NOTE FROM AD: I copied and pasted stuff above from the CLWE wiki site. Some of it is redundant with stuff that LPH wrote below. We should try to merge, co-articulate them together. Also, it seems that a lot of what is said below has already been said in the intro. We should see if some of it should be eliminated. Also, would parts of this fit better in the intro? The way I see this Background section, it's not trying to describe the problem. It's talking more about the specific platforms, people, lead users who are involved in the project. Kind of putting an actual face on the project kind of thing.
In designing the Cross Lingual Wiki Engine project, the objectives were to improve the capacity to translate collaboratively and bring a true wiki experience to it. It had been identified that translation is a key issue in content democratization and that the solutions currently offered by wiki engines were simply insufficient. For content creators, it was duplication of efforts and for the site visitors, it was inaccuracy and incertitude.
In our vision, it was possible for authors part of different linguistic communities to collaborate on content beyond the language barrier. To allow them to contribute in the language they are most comfortable in and not to fear to never be read. For the site visitors, it would allow them to get a clear picture of where the information is and allow them to reach it easily, without having to scan excessive amounts of text.
To reach a wide public, it was necessary to integrate the solution to an existing product. Developing a reliable, fully featured, wiki engine with multilingual effort that is ready for production use is a colossal effort. With so many open source implementations available and ready to receive contributions, to embark on a new effort was a complete waste of time.
Among the many engines available, one had to be selected. To reach global acceptance, WikiMedia, the engine behind Wikipedia, would have been the best choice by far. However, the large popularity of the engine forces its maintainers to be very conservative about the changes that are incorporated. It's very likely that the changes like those required by CLWE would have been left out, leaving availability to a small group of users using our patched version.
TikiWiki CMS/Groupware was finally selected as the first engine to be modified. The openness of the community and its commitment towards multilingual support made it an excellent candidate. Moreover, around the same period of time, the Support Mozilla community (SUMO) selected it among many other content management system to run the new support site. The knowledge base contained in the support site had to be available in multiple languages to reach a user base as large as possible. The SUMO group's ambition is to initially support 8 languages for the most important pages of the knowledge base. Without specific tools to help this task, it would be nearly impossible to ensure content quality.
In the context of the Cross Lingual Wiki Engine Project, the SUMO knowledge base appeared to be an excellent primary test case. Because of the amount of languages to be supported and the large amount of potential content and translation contributors, the knowledge base is a perfect scenario to test our tools and study the collaborative translation behavior.
However, the SUMO group has specific requirements that had to be met above the initial goals of content synchronization. The SUMO group requires very high quality content.

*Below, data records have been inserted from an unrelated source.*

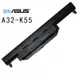 電池適用ASUS A32-K55 P55V X/A55VD X75Ak A45N/DE U57A 筆記型電池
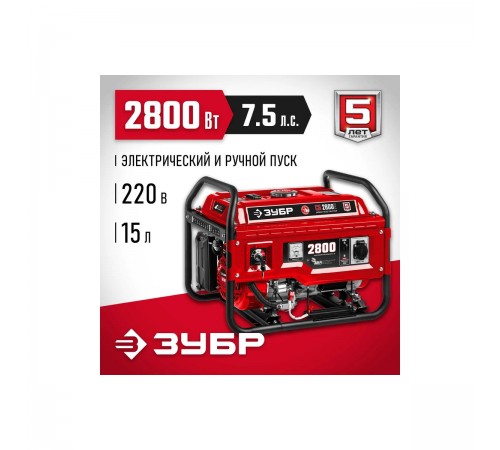 Генератор бензиновый ЗУБР СБ-2800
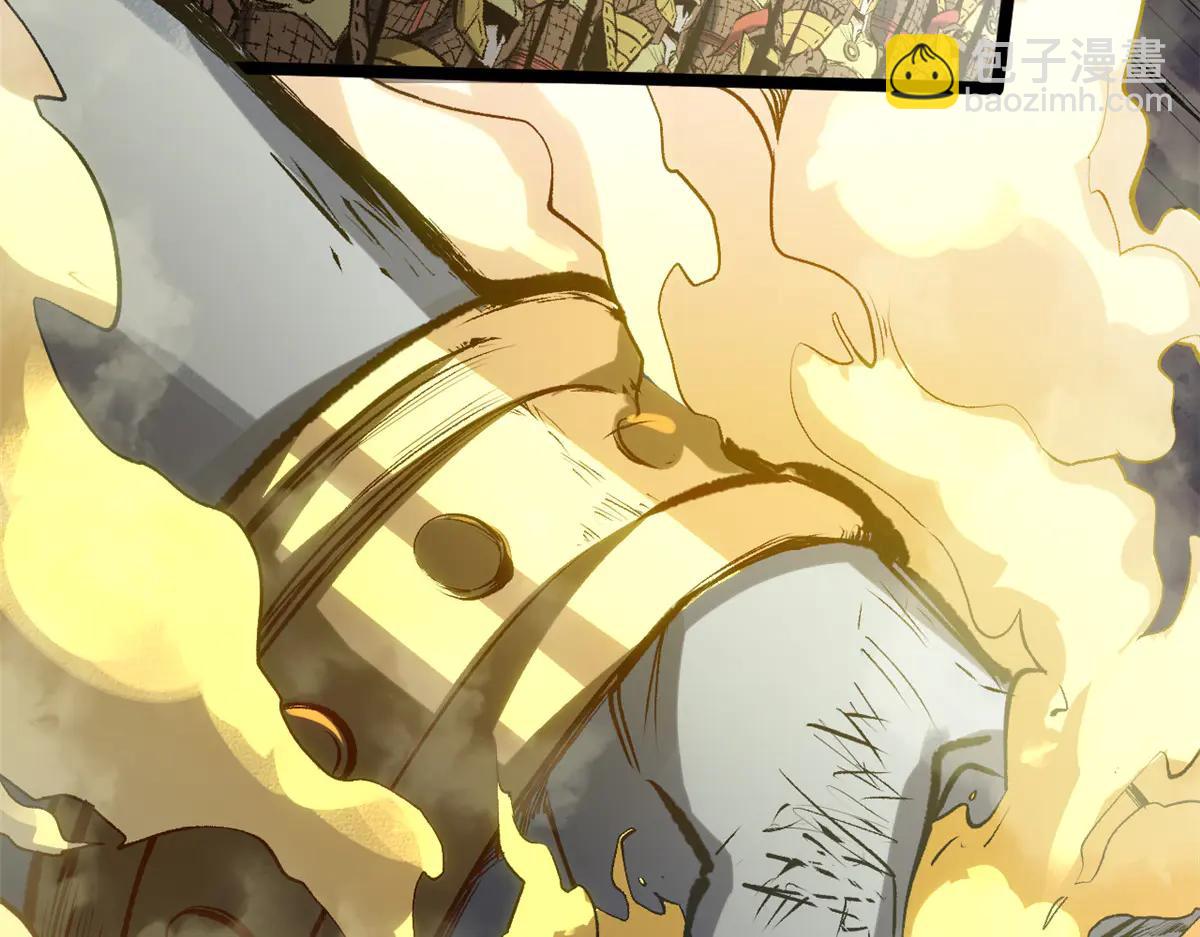 頂級氣運，悄悄修煉千年 - 217 衣角微髒(1/5) - 8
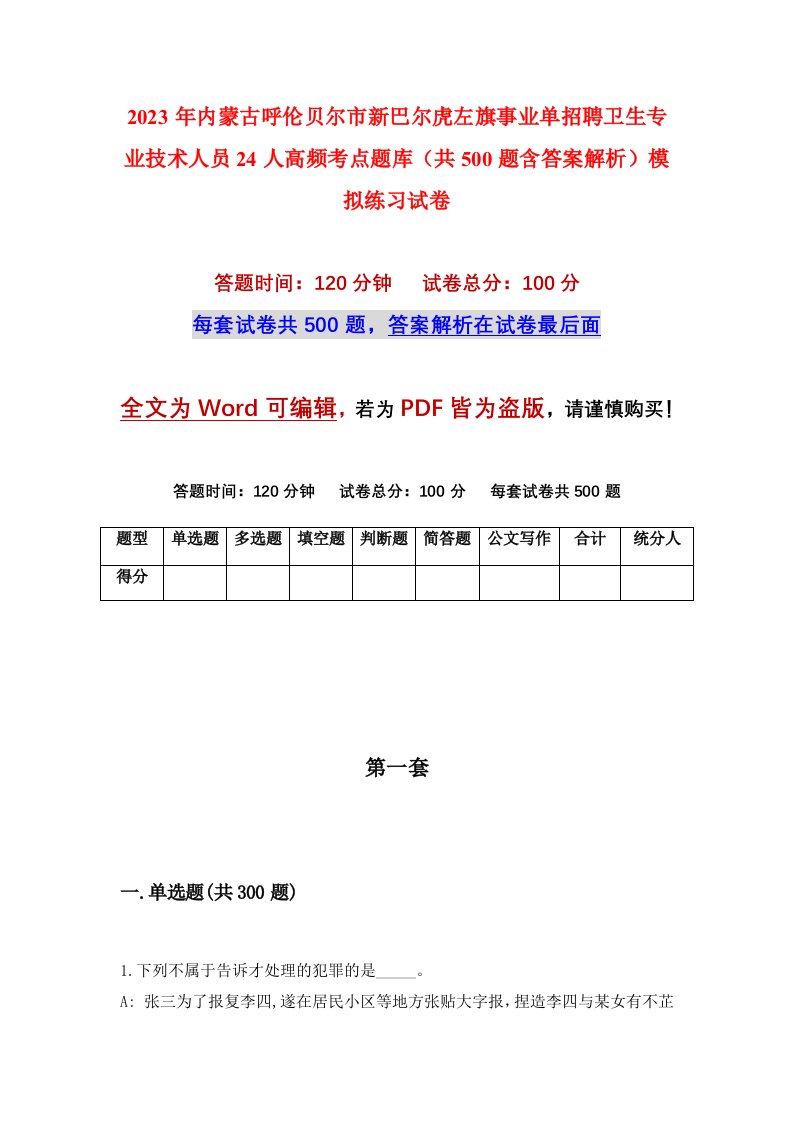 2023年内蒙古呼伦贝尔市新巴尔虎左旗事业单招聘卫生专业技术人员24人高频考点题库共500题含答案解析模拟练习试卷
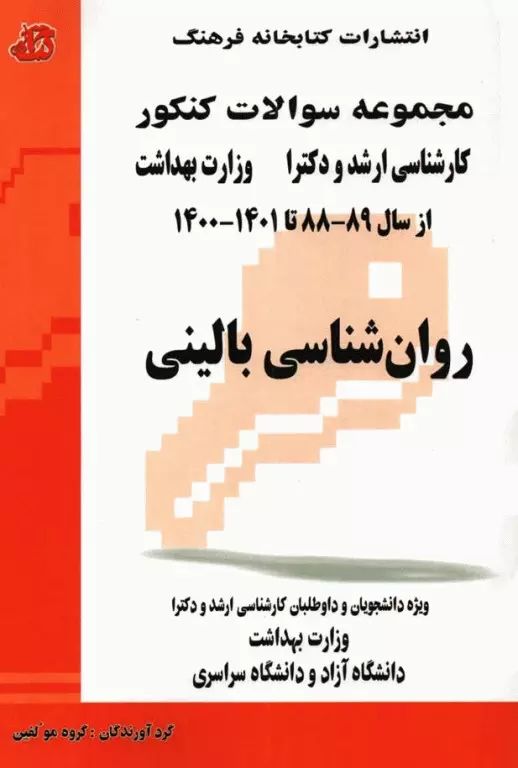 مجموعه سوالات ارشد و دکتری وزارت بهداشت روانشناسی بالینی(کتابخانه فرهنگ)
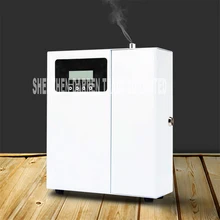 120m3-250m3 аромат машина 100 мл картридж/110-240 В аромат машина аромат Блок диспенсер аромат системы STS810 100 мл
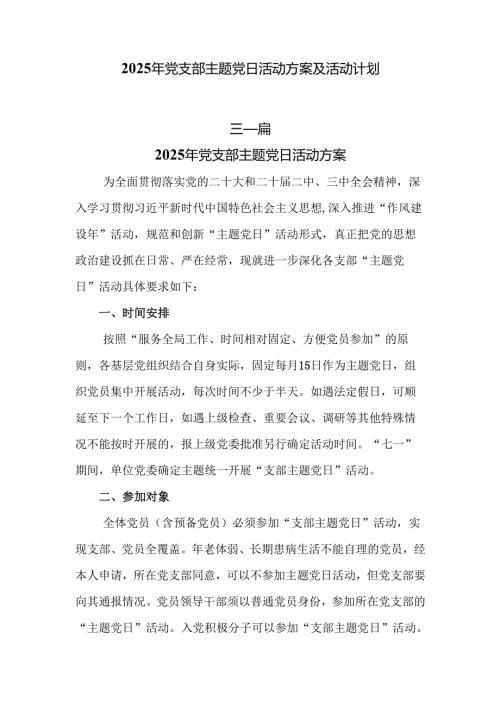 2025年党支部主题党日活动方案及活动计划.docx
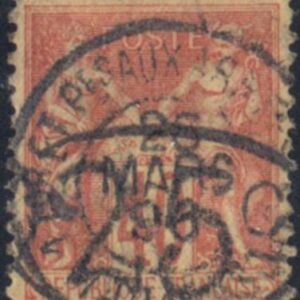 Madagascar 27 Fine Used Signed Brun Perfect SON CDS Cancel cv $875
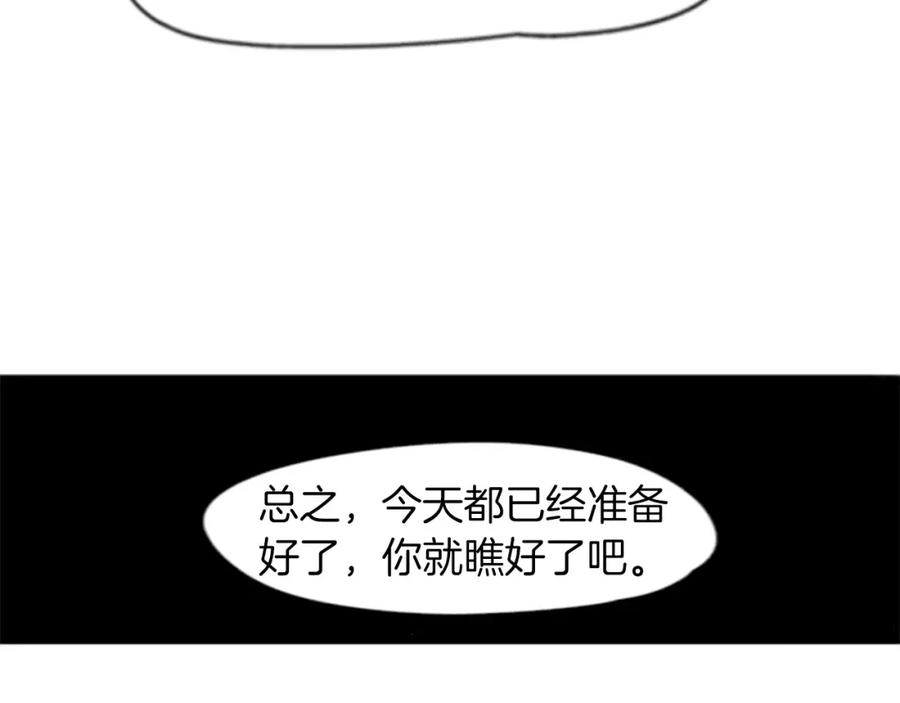 《狐狸的枷锁》第70话 宴会 第10页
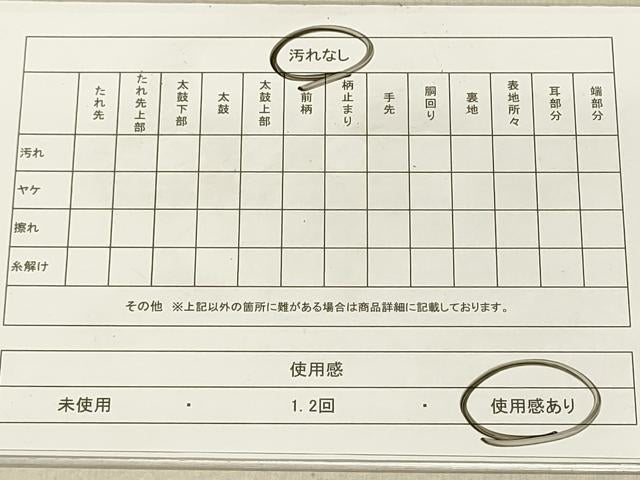 平和屋着物◎六通柄袋帯 斜縞 銀糸 引箔 正絹 逸品 DAAS5823we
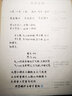 墨点字帖 孙子兵法行楷字帖钢笔字帖硬笔书法临摹练字帖 国学经典硬笔字帖 孙子兵法 实拍图
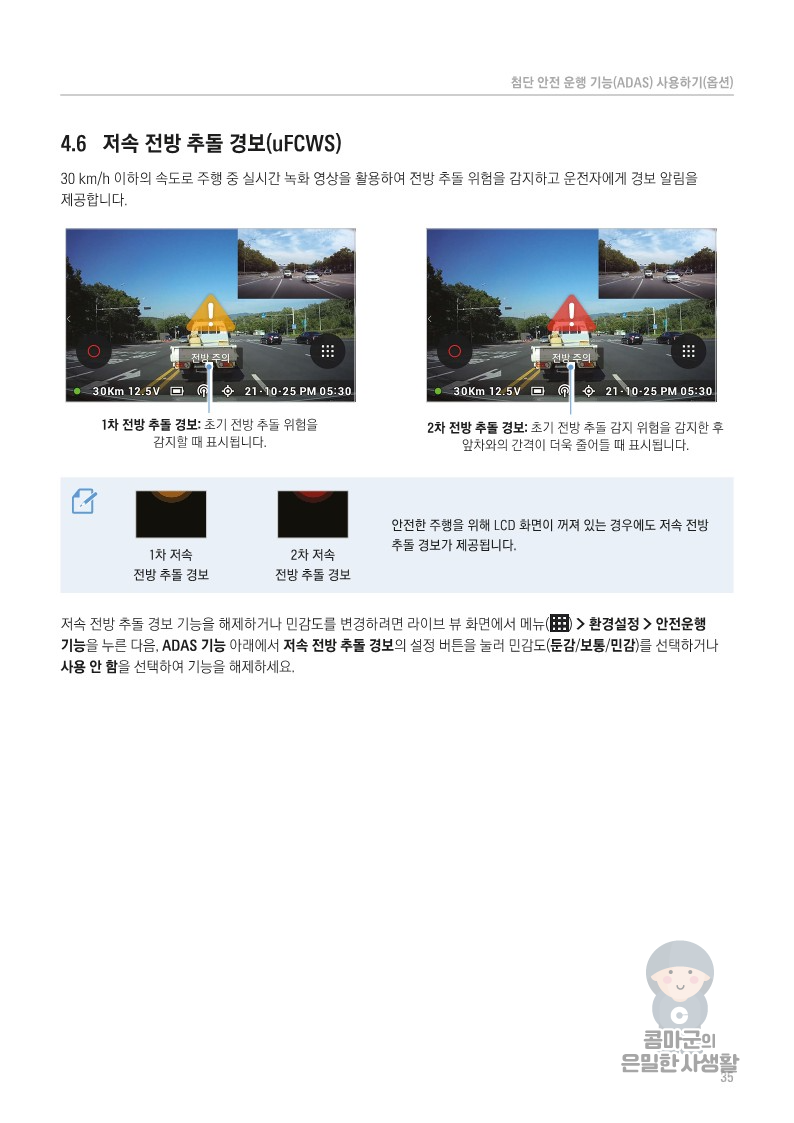 아이나비 블랙박스 QXD7000 사용설명서 바로보기 - 아이나비 블랙박스 QXD7000 아이나비 블랙박스 QXD7000 사용설명서 바로보기 - 아이나비 블랙박스 QXD7000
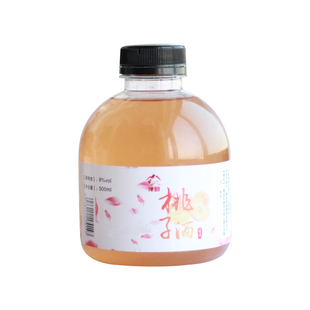 大泽山农家原汁发酵自酿甜型女生低度车厘子大樱桃酒桃子酒水果酒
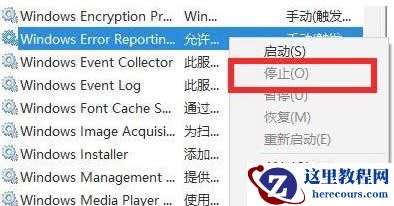win10电脑开机无限闪屏怎么办？win10启动闪屏解决方法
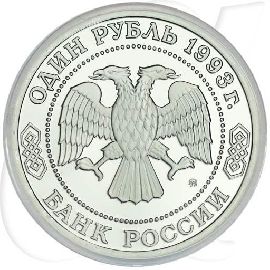 1 Rubel 1993 Borodin Münzen-Wertseite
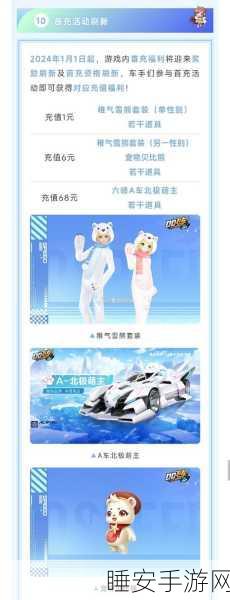 QQ飞车手游,突破经验上限秘籍,加速升级赢取豪华赛事奖励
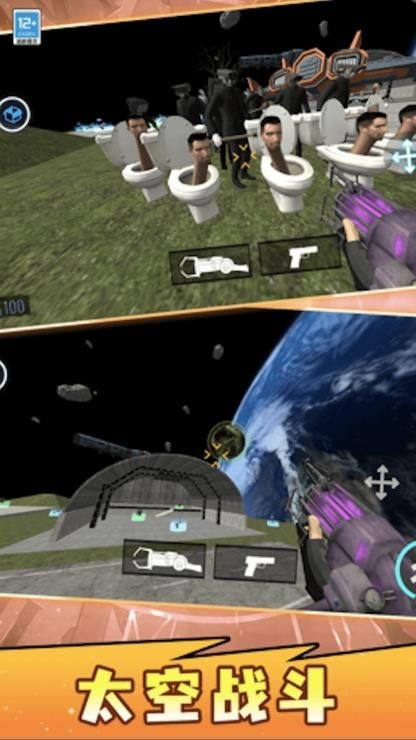 马桶人监控人逆袭游戏最新版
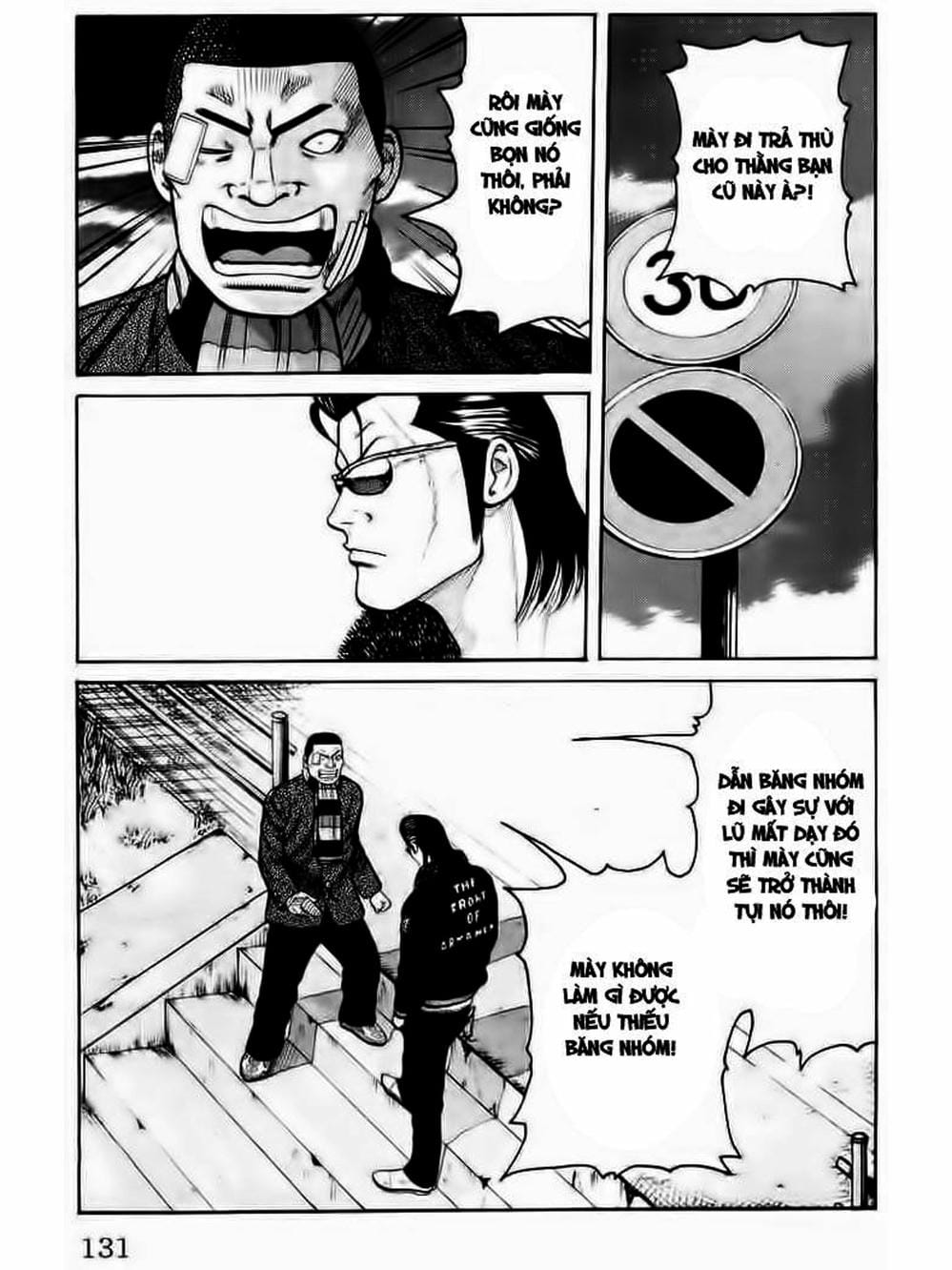 Truyện Tranh Thế Hệ Tồi Tệ Nhất - Worst trang 4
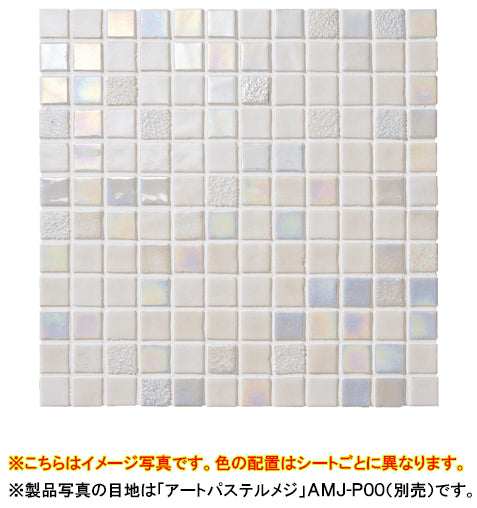 名古屋モザイク モザイクタイル<br>Onix Glass Mosaic(オニックスガラスモザイク)<br>●タイル一粒寸法 約24×24mm<br>●厚さ約5ｍｍ<br>●1シート寸法312×312ｍｍ(目地幅約2mm)<br>●裏ネット貼り<br>●1箱10シート入り(約0.97m2)<br>OV-T2551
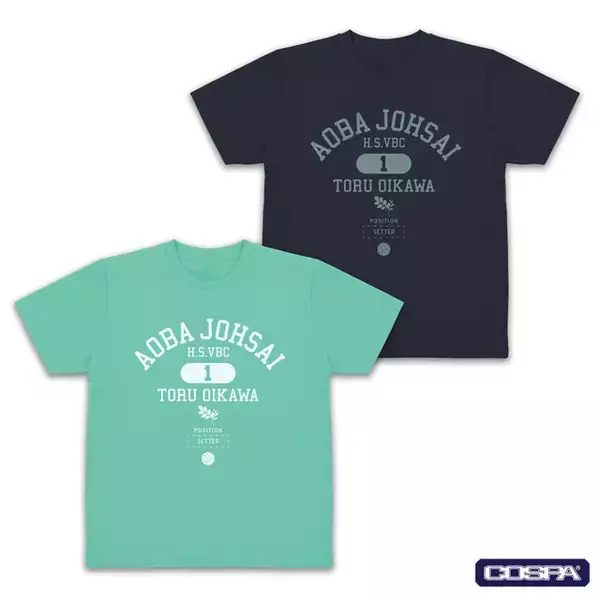 「「ハイキュー!!」翔陽、飛雄、研磨のドライTシャツ＆各高校ジップパーカー登場♪  横断幕「飛べ」をデザイン」の画像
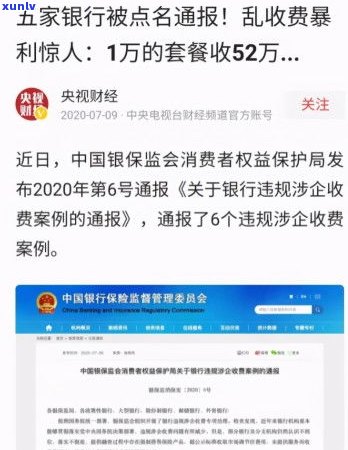 网贷还不上可以协商慢慢还吗？2023年新规：无力偿还的结果与停息挂账的作用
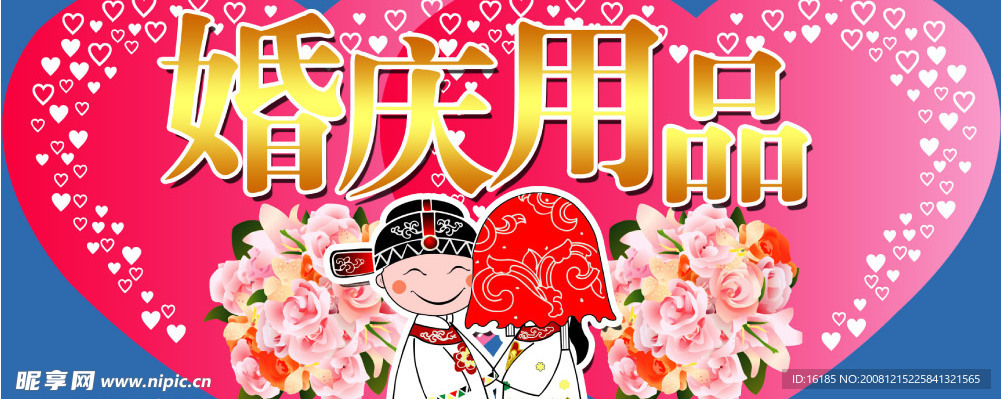 婚庆卡片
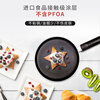 Cui Dahuang pan frying pan easy-to-clean non-stick pan pancake omelette skin steak 24cm induction cooker universal pan J24G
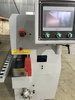 Кромкооблицовочный автоматический станок HCM 360 Ecoline и HCM 360J Ecoline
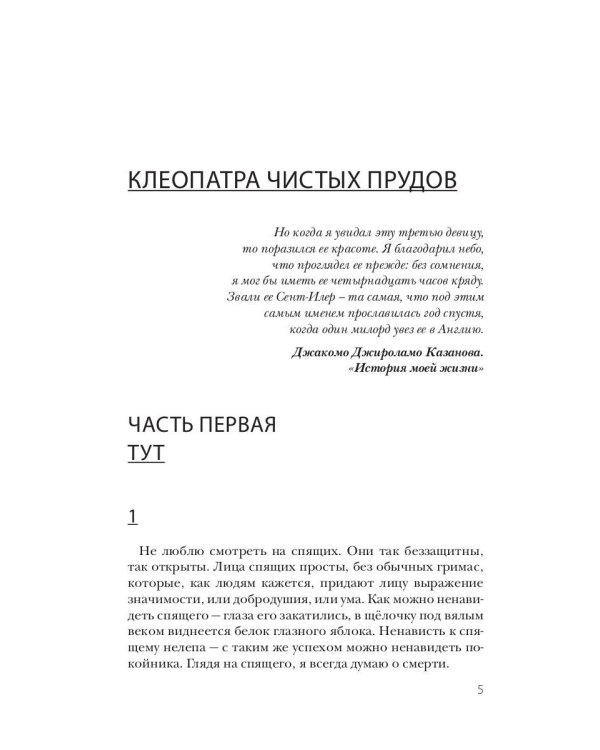 Сады Казановы: новеллы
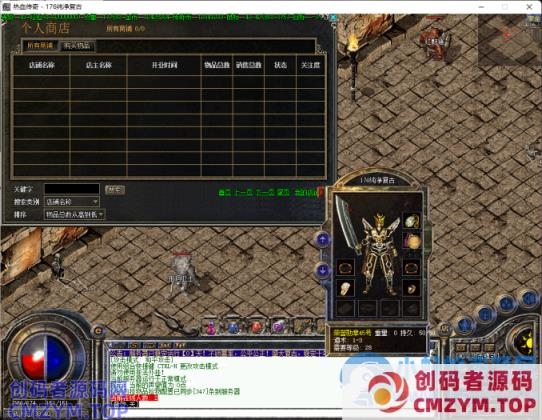 热血传奇176原始数据复古三职业-第三季，修复多项内容，更加稳定-创码者资源网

For this reason, they use an approval workflow to make sure all content visible on the website is approved. Moreover, they needed a way to mark translations as potentially out of date to warn readers that significant changes were made on an other translation.
To categorize the different pages in the knowledge base, extensive use of tags is being made. In order to improve the experience of the readers, these tags also need to support multilingual correctly. However this aspect will not be covered in the current paper.